We’ve discussed before some of the ways gardeners can create a great habitat for pollinators and this new book from The Xerces Society adds to the discussion. The book, 100 Plants to Feed the Bees: Providing a Healthy Habitat to Help Pollinators Thrive (Storey Publishing, 2016), begins with a discussion of problems faced by pollinators and how to create a habitat. The authors emphasize the use of local native plants, which are the plants that pollinators in each region have evolved to use. The bulk of the book is the list of 100 plants, which includes native perennials, trees and shrubs as well as nonnative plants that also help pollinators, such as herbs.
One of the best features of the book is its maps, which are located next to each plant listing. Some pollinator plants have very narrow ranges, such as buckwheat tree (Cliftonia monophylla), a small tree or bush that makes its home in the swamps of northern Florida and southern Georgia and Lousiana. Honeybees that visit the buckwheat tree produce an almost red honey. While not all the plants listed in the book will survive in the North, the vast majority of the plants listed will grow here. Many of the suggestions are native plants gardeners know: coneflower, anise hyssop, black eyed Susans, bee balm, sneezeweed (Helenium) and other meadow plants.

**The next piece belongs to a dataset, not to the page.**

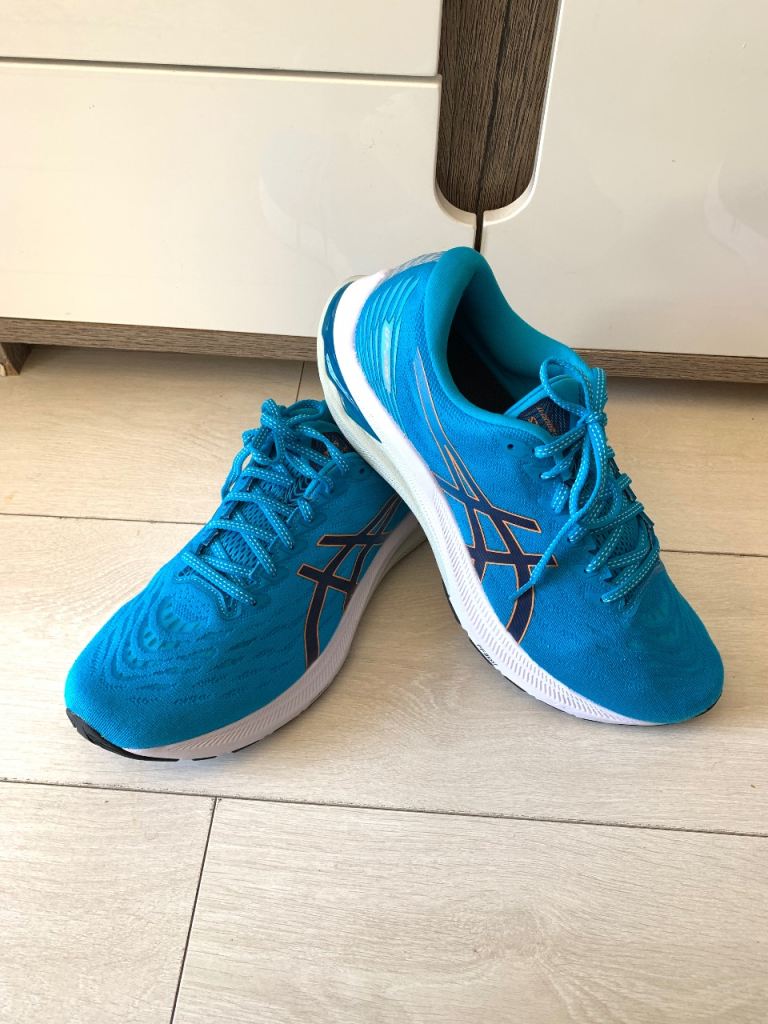 Asics  GT  2000 ll Men’s trainers size 10/45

Some of the plants listed, however, were new to me. For instance, has anyone planted figwort (Scophularia spp.)? It is recommended for prairie restorations rather than home gardens, but it apparently attracts all sorts of wasps, bees, flies and hummingbirds. Minnesota Wildflowers, one of the best sites for information on native plants in Minnesota, describes the lanceleaf figwort as “not a very showy flower, but pollinators love it.”
Another new to me plant in the book was manzanita (Arctostaphylos). It also has the common name bearberry and, according to Minnesota Wildflowers, it grows in all but the southeast corner of Minnesota. The plant’s pretty white flowers in spring resemble a blueberry flower and that is followed by a bright red berry. A low-growing shrub that does well in rocky habitats, manzanita or bearberry can be found in Voyageurs National Park and many other places.
If you are looking for plants to plant for pollinators, 100 Plants to Feed the Bees is an accessible and interesting book. You are sure to learn something about bees and plants here!